THE INPUT:

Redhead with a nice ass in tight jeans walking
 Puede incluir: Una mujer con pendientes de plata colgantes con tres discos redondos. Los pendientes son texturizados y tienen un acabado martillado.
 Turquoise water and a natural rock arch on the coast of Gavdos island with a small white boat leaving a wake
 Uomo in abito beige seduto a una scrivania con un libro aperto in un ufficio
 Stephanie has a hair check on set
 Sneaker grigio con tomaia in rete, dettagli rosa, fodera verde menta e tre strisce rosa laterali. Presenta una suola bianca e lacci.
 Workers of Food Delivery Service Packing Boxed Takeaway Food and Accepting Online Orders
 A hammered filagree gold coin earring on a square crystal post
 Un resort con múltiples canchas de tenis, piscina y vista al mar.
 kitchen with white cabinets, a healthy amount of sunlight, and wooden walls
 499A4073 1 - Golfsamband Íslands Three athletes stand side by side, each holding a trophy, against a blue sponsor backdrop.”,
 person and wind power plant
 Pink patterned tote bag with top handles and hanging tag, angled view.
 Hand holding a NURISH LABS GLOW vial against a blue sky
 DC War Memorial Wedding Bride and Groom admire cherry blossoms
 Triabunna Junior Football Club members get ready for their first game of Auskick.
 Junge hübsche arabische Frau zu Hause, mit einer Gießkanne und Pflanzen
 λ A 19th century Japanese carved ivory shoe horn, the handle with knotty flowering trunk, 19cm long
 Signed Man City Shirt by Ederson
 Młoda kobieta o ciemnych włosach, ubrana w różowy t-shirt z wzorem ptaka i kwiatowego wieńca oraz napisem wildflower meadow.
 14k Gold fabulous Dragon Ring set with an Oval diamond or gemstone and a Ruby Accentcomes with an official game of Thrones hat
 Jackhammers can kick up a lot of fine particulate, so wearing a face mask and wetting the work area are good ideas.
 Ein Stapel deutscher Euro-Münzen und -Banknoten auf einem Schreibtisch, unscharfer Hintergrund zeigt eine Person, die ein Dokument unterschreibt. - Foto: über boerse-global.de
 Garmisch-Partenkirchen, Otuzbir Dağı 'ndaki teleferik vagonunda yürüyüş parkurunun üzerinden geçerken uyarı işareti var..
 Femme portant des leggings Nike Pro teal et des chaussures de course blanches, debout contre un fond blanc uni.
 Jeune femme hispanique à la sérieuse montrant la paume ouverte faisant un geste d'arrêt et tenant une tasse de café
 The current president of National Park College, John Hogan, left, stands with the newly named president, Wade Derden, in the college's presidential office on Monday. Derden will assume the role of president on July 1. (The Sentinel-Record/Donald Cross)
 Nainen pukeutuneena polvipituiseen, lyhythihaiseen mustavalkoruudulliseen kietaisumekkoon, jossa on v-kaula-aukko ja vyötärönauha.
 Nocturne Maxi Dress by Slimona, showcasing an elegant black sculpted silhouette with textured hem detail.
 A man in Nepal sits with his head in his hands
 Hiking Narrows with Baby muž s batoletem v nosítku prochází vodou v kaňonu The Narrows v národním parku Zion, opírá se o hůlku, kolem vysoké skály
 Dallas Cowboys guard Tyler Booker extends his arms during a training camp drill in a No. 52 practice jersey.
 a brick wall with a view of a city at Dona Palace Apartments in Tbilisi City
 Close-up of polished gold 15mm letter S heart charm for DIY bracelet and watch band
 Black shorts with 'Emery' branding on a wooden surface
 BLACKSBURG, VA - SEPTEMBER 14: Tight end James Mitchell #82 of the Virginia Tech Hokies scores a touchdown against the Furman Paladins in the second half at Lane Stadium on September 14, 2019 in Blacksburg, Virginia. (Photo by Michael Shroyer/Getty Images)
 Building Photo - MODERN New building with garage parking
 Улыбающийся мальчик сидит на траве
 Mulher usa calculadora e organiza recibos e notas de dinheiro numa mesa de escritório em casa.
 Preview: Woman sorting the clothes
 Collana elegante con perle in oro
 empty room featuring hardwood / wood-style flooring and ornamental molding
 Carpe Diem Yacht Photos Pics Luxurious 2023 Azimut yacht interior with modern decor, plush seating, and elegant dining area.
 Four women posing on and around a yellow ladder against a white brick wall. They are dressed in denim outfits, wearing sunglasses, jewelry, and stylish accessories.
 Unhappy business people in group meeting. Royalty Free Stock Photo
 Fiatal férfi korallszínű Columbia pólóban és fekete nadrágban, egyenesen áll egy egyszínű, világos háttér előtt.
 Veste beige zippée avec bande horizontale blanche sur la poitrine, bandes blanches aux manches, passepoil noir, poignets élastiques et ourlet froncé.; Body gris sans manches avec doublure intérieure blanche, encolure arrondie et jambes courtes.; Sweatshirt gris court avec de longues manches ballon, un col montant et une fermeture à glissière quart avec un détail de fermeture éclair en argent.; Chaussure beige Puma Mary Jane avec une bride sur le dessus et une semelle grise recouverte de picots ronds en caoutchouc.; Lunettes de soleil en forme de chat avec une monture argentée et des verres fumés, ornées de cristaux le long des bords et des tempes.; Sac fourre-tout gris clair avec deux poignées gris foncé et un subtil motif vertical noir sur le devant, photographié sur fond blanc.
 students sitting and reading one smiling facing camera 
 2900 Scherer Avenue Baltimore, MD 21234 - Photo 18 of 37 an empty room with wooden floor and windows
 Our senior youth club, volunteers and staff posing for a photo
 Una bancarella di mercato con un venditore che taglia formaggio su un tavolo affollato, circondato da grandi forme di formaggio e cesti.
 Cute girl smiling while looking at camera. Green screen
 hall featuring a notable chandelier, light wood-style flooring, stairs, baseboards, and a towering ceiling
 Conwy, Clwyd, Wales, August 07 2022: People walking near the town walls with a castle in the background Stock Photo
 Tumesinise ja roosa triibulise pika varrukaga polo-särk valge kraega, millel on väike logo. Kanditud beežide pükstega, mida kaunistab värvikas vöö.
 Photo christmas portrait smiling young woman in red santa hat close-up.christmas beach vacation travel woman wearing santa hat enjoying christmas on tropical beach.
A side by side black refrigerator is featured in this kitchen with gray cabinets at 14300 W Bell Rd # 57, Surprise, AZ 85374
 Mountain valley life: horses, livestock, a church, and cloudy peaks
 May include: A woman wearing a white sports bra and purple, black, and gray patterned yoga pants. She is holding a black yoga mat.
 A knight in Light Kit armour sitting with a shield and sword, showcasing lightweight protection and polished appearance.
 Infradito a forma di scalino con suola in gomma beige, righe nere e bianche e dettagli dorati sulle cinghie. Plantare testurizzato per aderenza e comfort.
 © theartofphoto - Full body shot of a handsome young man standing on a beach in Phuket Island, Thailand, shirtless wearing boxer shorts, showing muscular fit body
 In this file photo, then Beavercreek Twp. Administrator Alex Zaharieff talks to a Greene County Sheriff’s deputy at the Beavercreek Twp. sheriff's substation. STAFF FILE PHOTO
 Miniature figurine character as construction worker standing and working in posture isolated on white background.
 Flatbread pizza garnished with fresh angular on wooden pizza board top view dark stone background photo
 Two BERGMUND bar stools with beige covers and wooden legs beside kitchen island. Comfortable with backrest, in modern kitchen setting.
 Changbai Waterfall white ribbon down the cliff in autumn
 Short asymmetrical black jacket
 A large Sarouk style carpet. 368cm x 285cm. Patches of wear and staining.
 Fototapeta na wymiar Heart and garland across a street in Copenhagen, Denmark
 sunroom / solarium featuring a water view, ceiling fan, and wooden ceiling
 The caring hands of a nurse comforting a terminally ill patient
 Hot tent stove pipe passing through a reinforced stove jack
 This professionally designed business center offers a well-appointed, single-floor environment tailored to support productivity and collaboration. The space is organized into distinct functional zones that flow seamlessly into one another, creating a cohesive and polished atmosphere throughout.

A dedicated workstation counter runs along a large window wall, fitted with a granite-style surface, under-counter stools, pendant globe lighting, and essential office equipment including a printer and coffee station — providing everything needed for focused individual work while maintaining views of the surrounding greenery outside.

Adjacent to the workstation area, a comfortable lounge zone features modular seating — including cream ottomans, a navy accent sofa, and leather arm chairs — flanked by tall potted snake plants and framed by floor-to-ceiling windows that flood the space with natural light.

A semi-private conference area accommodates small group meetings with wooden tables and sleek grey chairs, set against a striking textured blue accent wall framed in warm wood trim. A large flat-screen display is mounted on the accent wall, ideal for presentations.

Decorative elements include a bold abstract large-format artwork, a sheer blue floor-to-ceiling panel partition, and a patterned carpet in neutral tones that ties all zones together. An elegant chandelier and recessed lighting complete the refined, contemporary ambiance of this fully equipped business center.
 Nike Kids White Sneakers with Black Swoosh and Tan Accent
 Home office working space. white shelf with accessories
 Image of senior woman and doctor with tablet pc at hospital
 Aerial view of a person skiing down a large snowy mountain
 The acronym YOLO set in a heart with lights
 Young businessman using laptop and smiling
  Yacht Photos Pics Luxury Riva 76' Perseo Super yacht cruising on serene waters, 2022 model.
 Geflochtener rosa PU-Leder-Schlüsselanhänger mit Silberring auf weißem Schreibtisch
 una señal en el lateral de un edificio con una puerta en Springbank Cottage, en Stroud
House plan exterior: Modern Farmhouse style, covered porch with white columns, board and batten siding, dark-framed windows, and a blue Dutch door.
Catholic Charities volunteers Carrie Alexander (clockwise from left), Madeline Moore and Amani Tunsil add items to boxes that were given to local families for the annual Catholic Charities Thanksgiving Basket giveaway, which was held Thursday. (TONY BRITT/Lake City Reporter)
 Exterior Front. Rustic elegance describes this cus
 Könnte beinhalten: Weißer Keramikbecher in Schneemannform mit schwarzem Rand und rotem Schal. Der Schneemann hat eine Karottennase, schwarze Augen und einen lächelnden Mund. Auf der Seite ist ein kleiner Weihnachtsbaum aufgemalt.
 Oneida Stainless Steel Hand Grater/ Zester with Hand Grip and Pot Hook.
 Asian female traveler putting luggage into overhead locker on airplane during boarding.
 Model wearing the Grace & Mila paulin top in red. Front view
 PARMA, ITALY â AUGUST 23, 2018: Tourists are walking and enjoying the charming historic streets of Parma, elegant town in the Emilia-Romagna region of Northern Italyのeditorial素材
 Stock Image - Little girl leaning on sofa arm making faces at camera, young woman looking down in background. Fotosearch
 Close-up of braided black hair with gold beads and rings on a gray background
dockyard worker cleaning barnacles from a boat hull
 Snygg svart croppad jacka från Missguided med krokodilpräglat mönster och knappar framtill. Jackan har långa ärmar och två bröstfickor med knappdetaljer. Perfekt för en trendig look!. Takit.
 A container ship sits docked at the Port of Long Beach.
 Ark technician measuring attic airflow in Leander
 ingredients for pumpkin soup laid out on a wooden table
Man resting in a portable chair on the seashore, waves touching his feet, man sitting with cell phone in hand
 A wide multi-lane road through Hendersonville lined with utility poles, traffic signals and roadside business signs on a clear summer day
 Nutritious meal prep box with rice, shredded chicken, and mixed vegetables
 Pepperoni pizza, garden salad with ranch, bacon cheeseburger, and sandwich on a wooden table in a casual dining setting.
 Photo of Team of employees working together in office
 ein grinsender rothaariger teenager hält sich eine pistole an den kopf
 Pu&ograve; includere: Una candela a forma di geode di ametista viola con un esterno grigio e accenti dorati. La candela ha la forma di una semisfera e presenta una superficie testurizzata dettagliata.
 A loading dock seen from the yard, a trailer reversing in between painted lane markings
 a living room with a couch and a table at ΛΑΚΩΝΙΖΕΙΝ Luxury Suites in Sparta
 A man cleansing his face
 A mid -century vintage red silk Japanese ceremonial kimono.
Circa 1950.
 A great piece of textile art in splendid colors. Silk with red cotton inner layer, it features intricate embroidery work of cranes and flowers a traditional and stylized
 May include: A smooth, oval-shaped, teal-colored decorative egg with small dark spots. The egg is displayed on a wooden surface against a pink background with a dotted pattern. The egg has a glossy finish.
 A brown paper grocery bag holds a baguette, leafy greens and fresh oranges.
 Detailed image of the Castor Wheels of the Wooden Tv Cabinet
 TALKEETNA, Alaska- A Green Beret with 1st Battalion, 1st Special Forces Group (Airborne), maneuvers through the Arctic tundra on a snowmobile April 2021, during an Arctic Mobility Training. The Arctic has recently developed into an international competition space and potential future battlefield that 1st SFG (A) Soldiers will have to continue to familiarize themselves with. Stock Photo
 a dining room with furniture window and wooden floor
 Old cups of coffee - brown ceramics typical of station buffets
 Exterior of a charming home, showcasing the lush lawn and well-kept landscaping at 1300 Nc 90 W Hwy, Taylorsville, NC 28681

ASSIGNED TASK:
Copy each line of the records that has "during" in it.

ANSWER SPACE:
 Dallas Cowboys guard Tyler Booker extends his arms during a training camp drill in a No. 52 practice jersey.
 Asian female traveler putting luggage into overhead locker on airplane during boarding.
 TALKEETNA, Alaska- A Green Beret with 1st Battalion, 1st Special Forces Group (Airborne), maneuvers through the Arctic tundra on a snowmobile April 2021, during an Arctic Mobility Training. The Arctic has recently developed into an international competition space and potential future battlefield that 1st SFG (A) Soldiers will have to continue to familiarize themselves with. Stock Photo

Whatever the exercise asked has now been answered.